_WORK INSTRUCTION_
Please write out the entire listing below exactly, excluding its pictures.

_DATA BELOW_
========
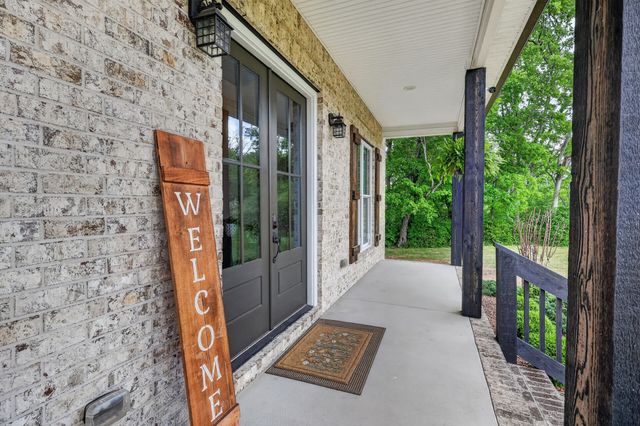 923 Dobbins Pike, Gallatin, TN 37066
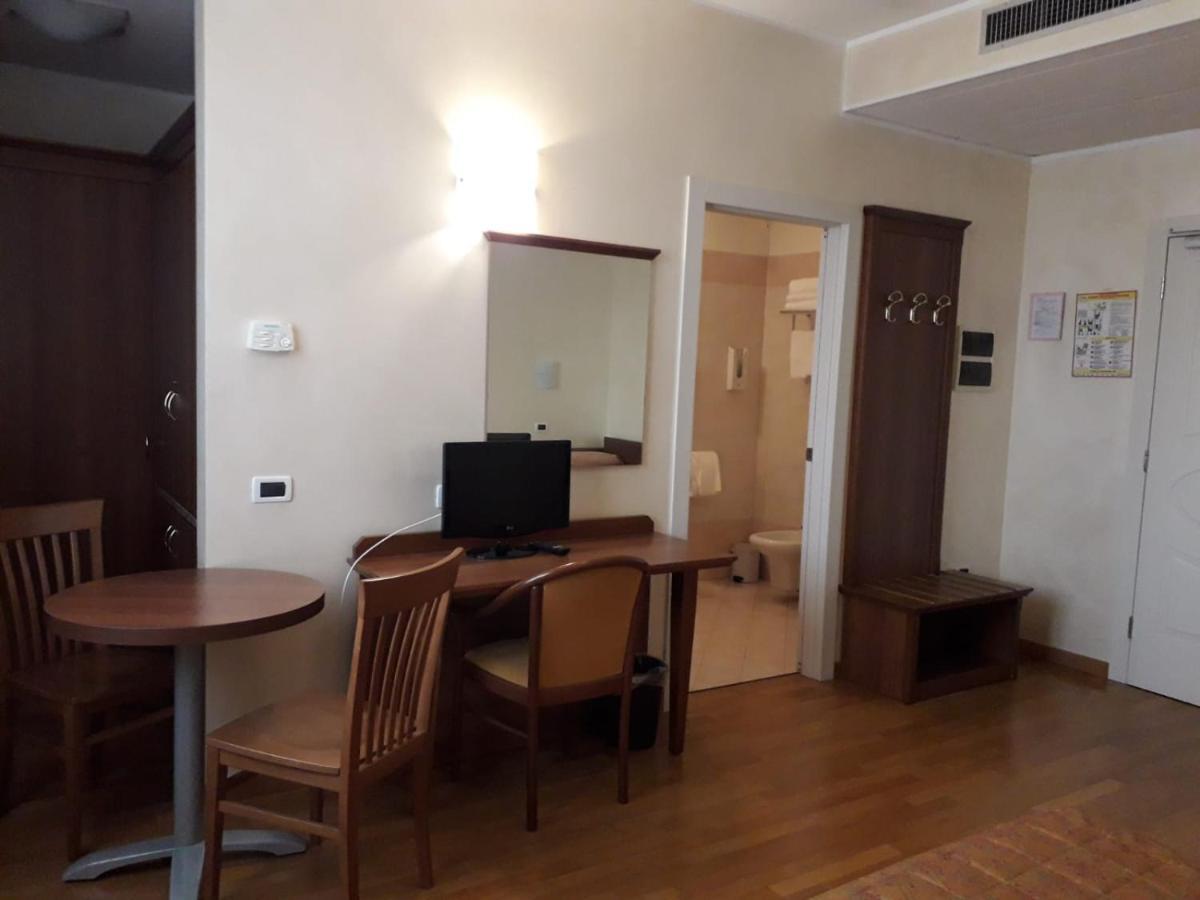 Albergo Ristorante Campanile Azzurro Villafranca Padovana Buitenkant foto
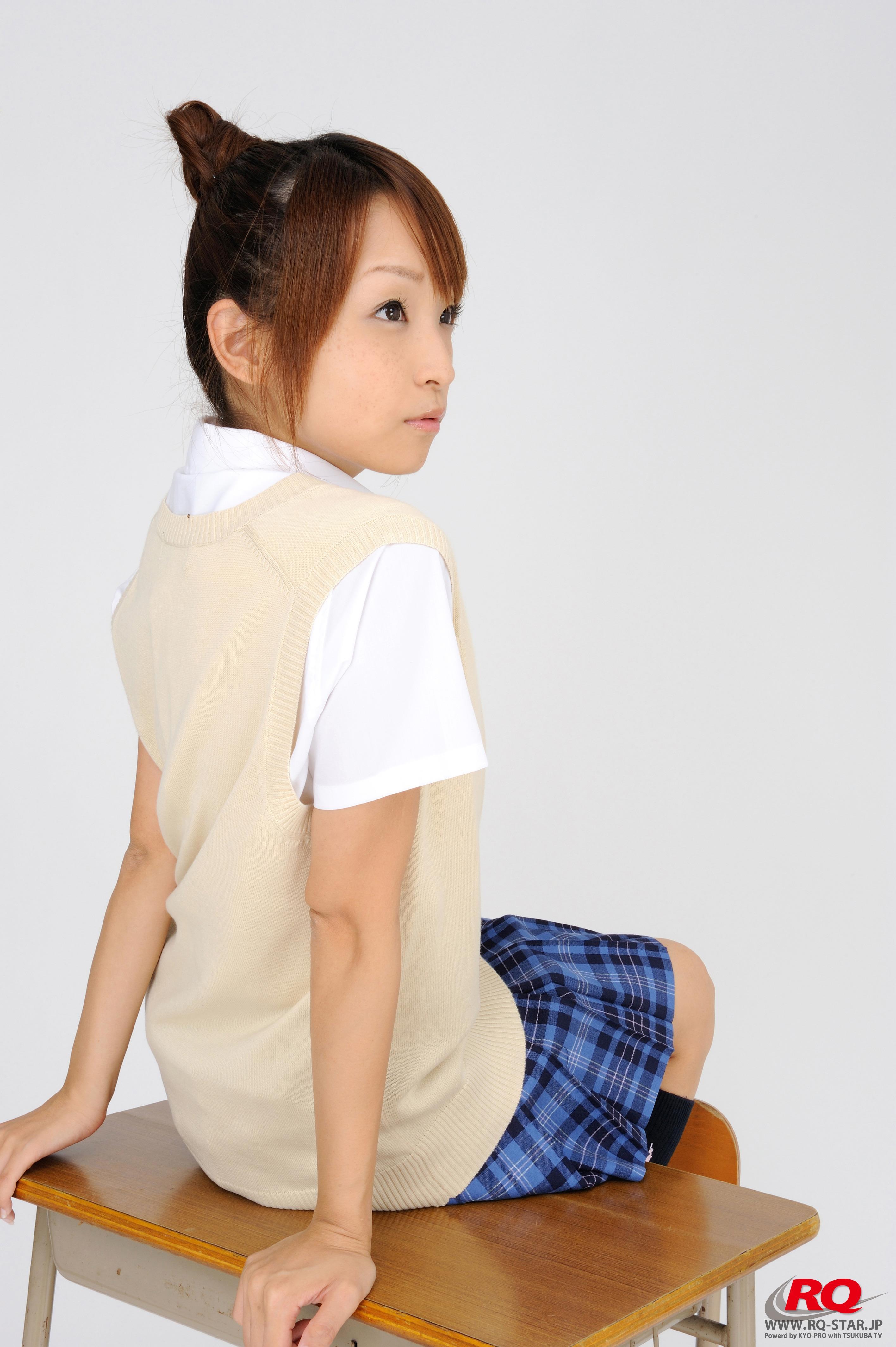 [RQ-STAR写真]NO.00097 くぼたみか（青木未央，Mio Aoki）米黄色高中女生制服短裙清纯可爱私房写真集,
========
_RESPONSE TO THE TASK_
 923 Dobbins Pike, Gallatin, TN 37066
 Albergo Ristorante Campanile Azzurro Villafranca Padovana Buitenkant foto
 [RQ-STAR写真]NO.00097 くぼたみか（青木未央，Mio Aoki）米黄色高中女生制服短裙清纯可爱私房写真集,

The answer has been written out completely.